Turned Around
I’ve related the story before about growing up Roman Catholic, and eventually drifting away from that over the understanding that Satan wasn’t real. One of the side effects of coming to the conclusion that supernatural Evil wasn’t real was questioning its more mundane counterpart, and an arrival at an agreement with Socrates’ belief that no person, knowing good, willingly does evil. And that brings us to this:
I don’t believe that people who understand justice willingly turn a blind eye to injustice, either. And so for me, aphorisms like this encourage people to see themselves as unsafe in situations in which there are differing definitions, or understandings, of justice and injustice, because underlying this is are a number of assumptions. And because this is a two-sentence aphorism, rather than a detailed philosophical examination of theories of justice, there isn't room to surface those assumptions.
But even if we take a very simple definition from the Stanford Encyclopedia of Philosophy and consider justice to be “what we owe to each other,” it’s not a given that every person has the same understanding of what every other person is owed, and who owes them. Or, perhaps more importantly, whose claims to being owed something come first. For instance, what does it mean to tolerate misconduct, for instance? When I was a freshman in college, it was understood that being a football player came with certain privileges... like the ability to strike another student without being expelled. Looking back on that earlier post, I realize that I said that the player was never disciplined... but I don’t know that they weren’t, simply that it had been communicated to the student body as a whole that assault was grounds for expulsion, and the football player wasn’t expelled. Was this the college “turning a blind eye to injustice,” or deciding that it owed someone else more than it owed the student who the football player had struck? With the benefit of several decades of hindsight, I’ve come to suspect the latter. And the problem with the school, therefore, isn’t that it failed to live up to it’s conception of justice, it’s that the idea of justice it presented to the students was simplified to the point of being inaccurate.
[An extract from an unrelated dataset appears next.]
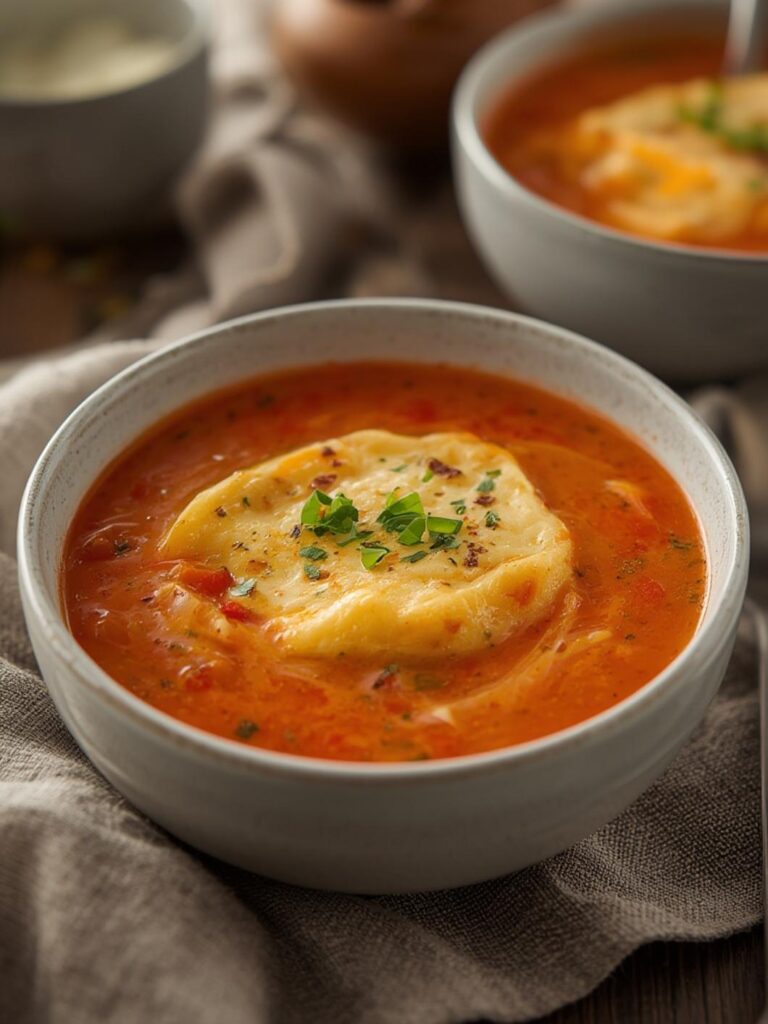 Best Tomato Soup with Cheddar Bay Dumplings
And this is, in part, I suspect, due to not wanting to openly deal with the disagreements over the definitions that it would have caused. Because it’s easy for people do decide that a school should prioritize the rights of the general student body over the football program; making the case that the school’s dependence on that program should be allowed to manifest itself as an openly different set of rules is more difficult. And I suspect that the school didn't see anything unjust in avoiding that disagreement.
I will stand by by understanding that the school felt that it owed someone else more than it owed the student that the football player had assaulted, although I realize the disadvantage I place myself at in not being able to offer any sort of informed opinion of who that other party might be. This is the danger in taking what may look like a cut-and-dried case of injustice, and arguing that there’s more to it than meets the eye.
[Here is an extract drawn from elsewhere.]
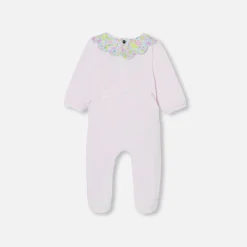 Pyjama|Pyjama-Jacadi Pyjama bébé fille en velours - rose pale ROSE PALE JACADI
But still, I make the case that the school did not willingly ignore its obligation to the students as a whole; instead, its obligations were structured in such a way that maintaining the football team was the most important consideration that it faced from that incident.
But since safety is also a concern here, that should be addressed. I left after that freshman year, not over the school’s revealed preference for the football program over other considerations, but because I felt that the academics were garbage, and if I was going to have to suffer through three more years of education, it may as well have been a decent one. For me, it wasn’t a matter of justice; it was that, even on a scholarship, the place didn’t seem to be worth the money.
But I would say that students would be correct in feeling unsafe about the school’s behavior. Not because the school was willing to ignore open injustice, but because it wasn’t willing (or able) to be open and honest about what its understanding of justice actually was. And so to return to the graphic, safety shouldn’t depend on aligned definitions of injustice, but it does depend on known definitions of injustice. It’s like due process of law in a legal setting. A person who goes into a situation with the understanding that their lived experience of an event is going to carry the most weight is unsafe, because their misconception of the hierarchy of obligations will lead them astray.
And in this, the habit of conflict avoidance that “obvious” instances of injustice tend to create works against society as a whole. Concealing, rather than owning, differences with the mainstream over what people are owed creates active misunderstandings of what people should expect. And that is where the danger lies, even though it’s often not what people are told to be on the lookout for. To go back to my college example, the student was let down, not by the school tolerating misconduct, but by not being clear on what constituted misconduct, and that it differed for different students, in the first place. That knowledge would have allowed her, and all of us, really, to make more informed choices concerning education.
P.S.: I never found out if the student who had been assaulted went to the police and sought a legal remedy against the player who struck her. If she did, nothing came of it, for one reason or another.